Cronache dell'antisemitismo europeo
A Bruxelles, non a Gaza, non c’è più un solo ebreo che indossi la kippah in strada (rabbino capo compreso)
Roma. “Cerchi qualcuno che indossi la kippah e che acconsenta a passeggiare con te e una telecamera? Buona fortuna!”. Questa frase, pronunciata da un membro della comunità ebraica di Bruxelles, riassume bene l’esperienza di Natacha Mann, una nota giornalista dell’emittente belga Rtbf che stava preparando un servizio sull’antisemitismo nel paese (dove ieri c’è stato un attentato a Liegi). “Volevamo percorrere le strade della capitale con una persona che mostrasse quotidianamente il proprio ebraismo” ha scritto la giornalista sul sito di Rtbf. “Volevamo vedere se queste paure fossero giustificate”. Ma dopo tre settimane di ricerca, Mann ha dovuto rinunciare. La comunità ebraica di Bruxelles è talmente spaventata che non un solo ebreo letteralmente ha accettato di indossare pubblicamente il più semplice e discreto dei simboli ebraici. Prima Mann ha contattato un paio di rabbini. Dopo aver scoperto il quartiere di Bruxelles in cui si sarebbe girata la scena, questi si sono rifiutati. Allora ha chiesto al rabbino capo, Albert Guigui. “Nel 2001 è stato attaccato ad Anderlecht e oggi è uno di quelli che non indossano più la kippah. All’inizio, Guigui aveva accettato di farlo per il nostro servizio, ma poi è ritornato sulla sua decisione. Il servizio di sicurezza lo ha dissuaso”. Mann allora è andata da altri responsabili della comunità ebraica. A uno ha chiesto: “Ti lamenti alla polizia quando senti insulti antisemiti?”. E il rappresentante della comunità le ha risposto: “Ti lamenti alla polizia quando gli uomini ti fischiano per strada?”. Alla fine, anche lui ha rifiutato. Allora, Mann ha chiesto a Joel Rubinfeld, il presidente della Lega belga contro l’antisemitismo, che normalmente non indossa la kippah, ma che per l’occasione aveva accettato di farsi filmare, a patto che fosse scortato da un agente di sicurezza in contatto con la polizia. Troppo complicato. Così, il servizio di Natacha Mann è andato in onda senza la scena della kippah. Intanto due gruppi di manifestanti filopalestinesi interrompevano un concerto a Bruxelles di un’orchestra americana a causa della presenza di Hélène Grimaud, nota pianista francese di origini ebraiche, al grido di “Palestina”. In Francia, usciva invece un sondaggio Ipof. “Il sionismo è una cospirazione ebraica per manipolare le società occidentali a vantaggio degli ebrei”. A questa tesi crede oggi il 53 per cento dei francesi.
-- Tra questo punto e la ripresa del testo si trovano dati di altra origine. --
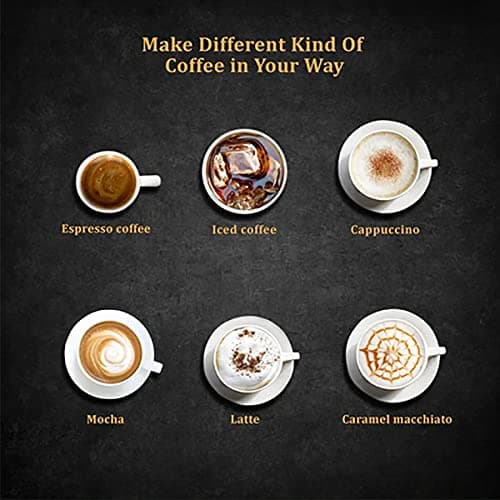 INALSA Espresso/Cappuccino 4Cup Coffee Maker 800W- Bonjour (3in1- Espresso,Cappuccino & Latte)|Frothing Function,4Bar Pressure|Multipurpose Control Knob,Removable Drip Tray & Borosilicate Glass Carafe 5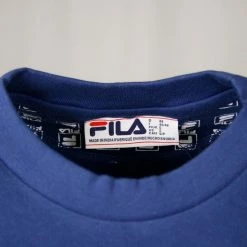 FILA Men's Classic Blue White Red Vialli S/S Tee (Size S)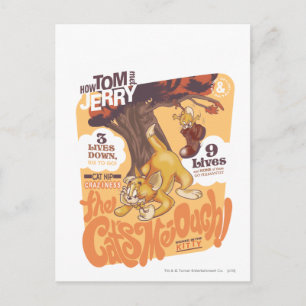 Cartão Postal Tom e Jerry, o Cats Me-Ouch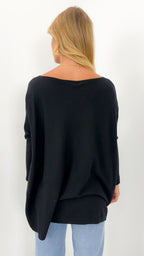 TESSA KNIT - BLACK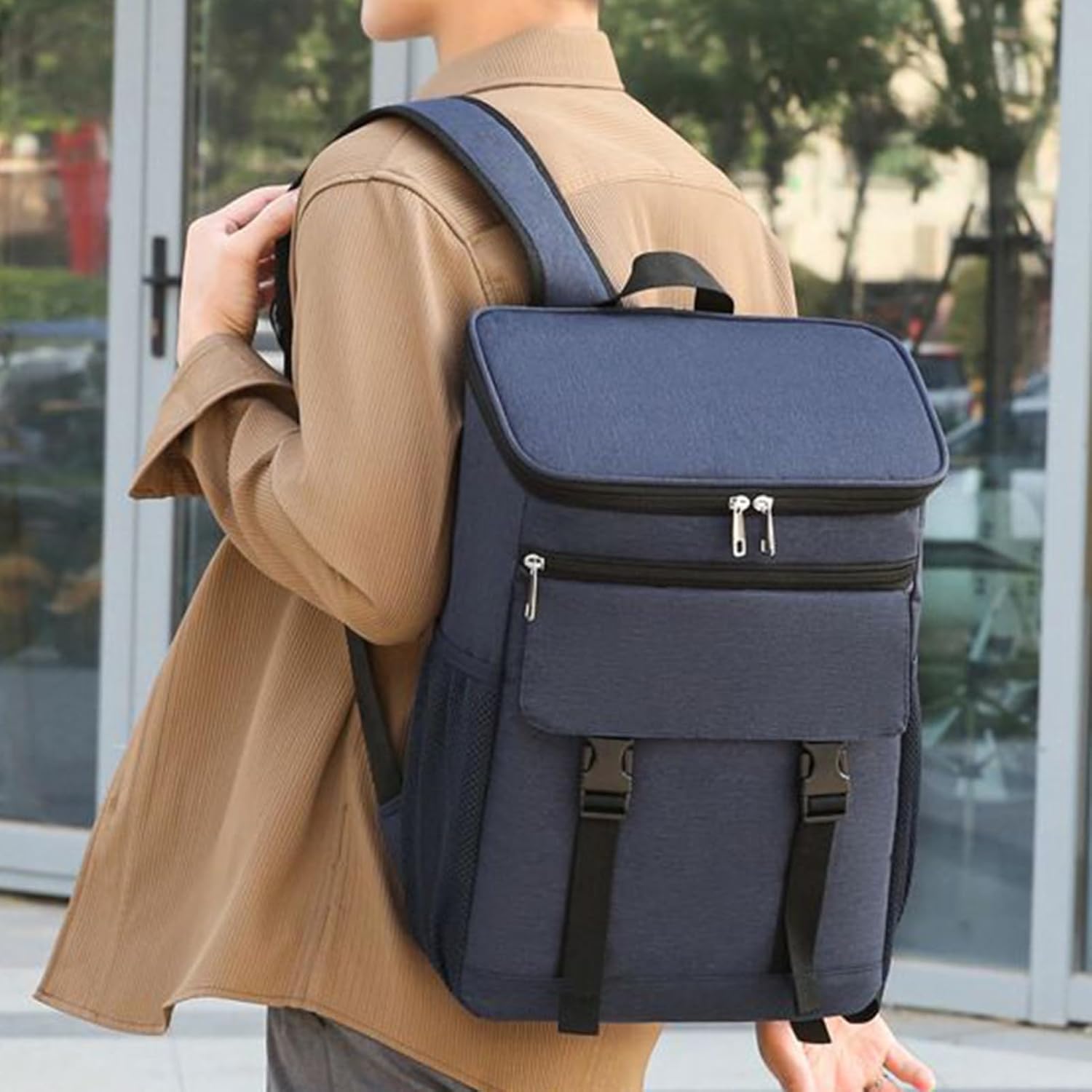 断熱バックパック - 漏れ防止クーラーバッグ、保温パック | ピクニック、バーベキュー、釣り、アウトドアスポーツ、旅行アドベンチャー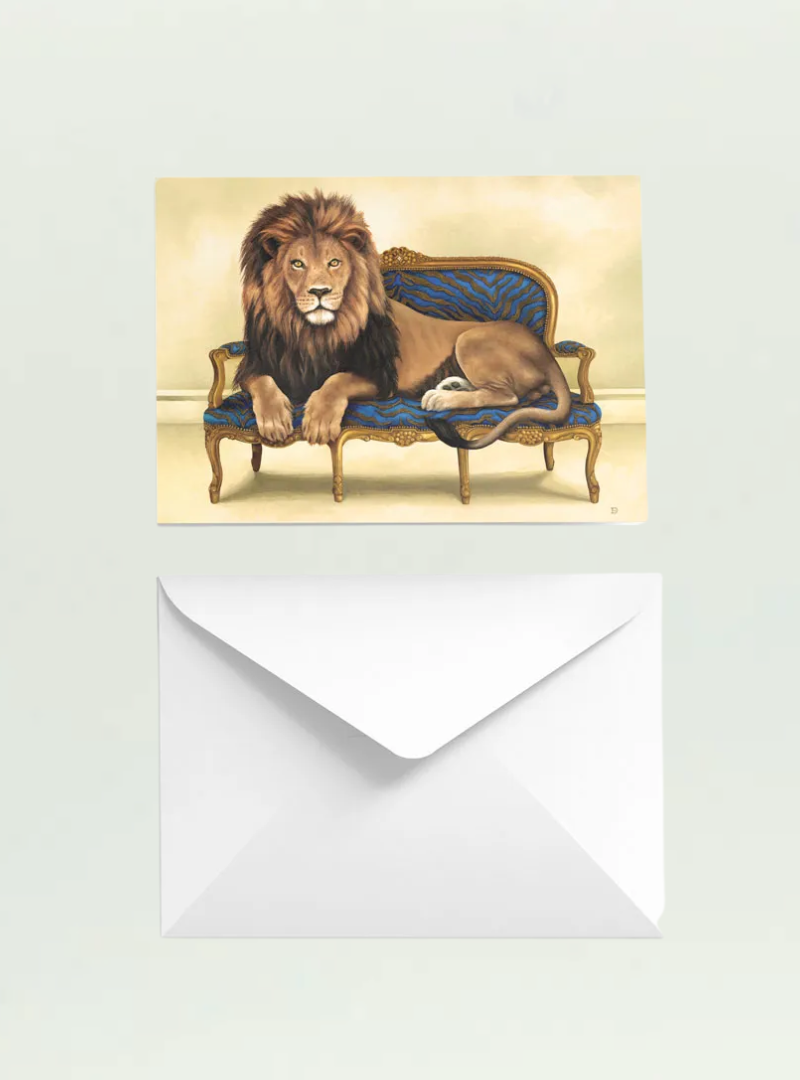 Lion at Leisure Single Card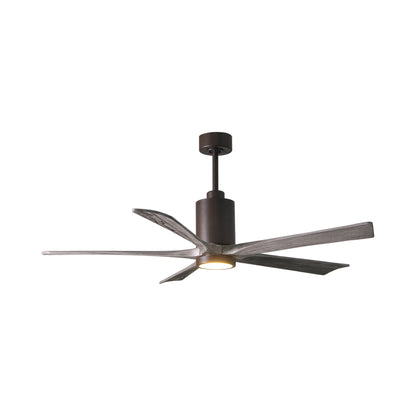 Patricia 5 Indoor / Outdoor LED Ceiling Fan in Textured Bronze/Barnwood (60-Inch).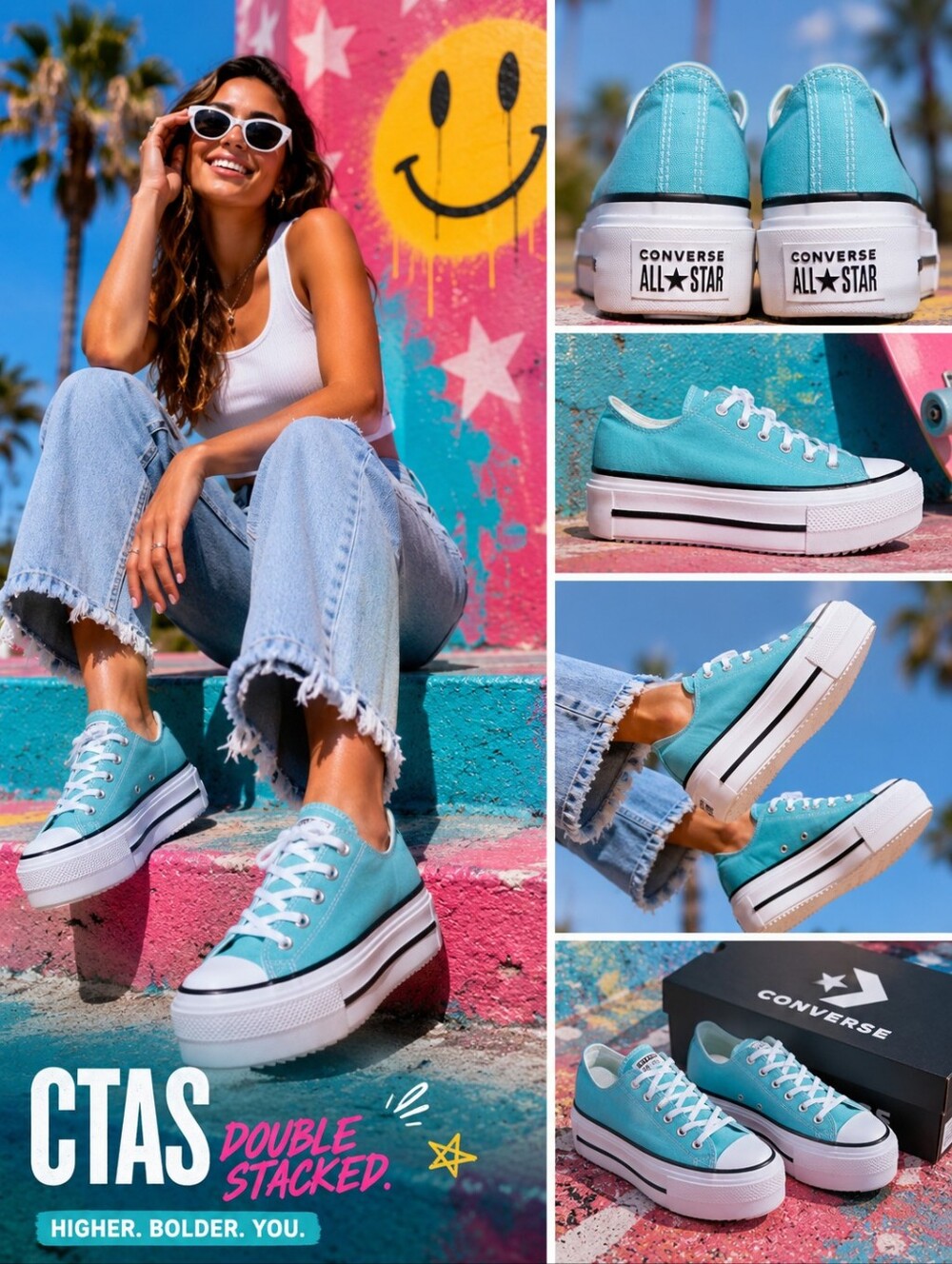 🥳 CONVERSE Chuck Taylor All Star Stack Low Top Platform Sneakers Womens 10.5 - Picture 12 of 12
Cronache dell’antisemitismo europeo. O della judéophobie, la dernière vague, come la chiama nel suo nuovo libro – appena pubblicato da Fayard – Pierre-André Taguieff, uno dei massimi studiosi francesi. “Abbiamo assistito alla lenta ricostruzione di una visione antiebraica del mondo”, scrive Taguieff. “Gli ebrei sarebbero un popolo-carnefice”. Secondo l’autore, “l’insicurezza fisica percepita dagli ebrei è accompagnata da insicurezza culturale”. Si tratta di una nuova cornice ideologica che accomuna le strade di Bruxelles e i sermoni di Hamas a Gaza, da dove sono state lanciate decine di missili alla volta del territorio israeliano.
Taguieff cita la frase di Khalil Koka, uno dei fondatori di Hamas: “‘Dio ha radunato gli ebrei in Palestina non per offrire loro una patria, ma per scavare le loro tombe e liberare il mondo dalla loro presenza inquinante’. E’ questo desiderio di sterminio che costituisce la passione trainante dell’antisionismo. Gli ebrei non sono più demonizzati come ‘semiti’, ma come ‘sionisti’, non più come una ‘razza’ nemica, ma come un popolo ‘razzista’. E nella loro lotta contro gli ebrei, questo permette di presentarsi come ‘antirazzisti’ o ‘antifascisti’. La retorica antirazzista è al servizio della giudeofobia”. E ha arruolato la più grande arma di dissuasione e di distrazione di massa, l’accusa di “islamofobia”.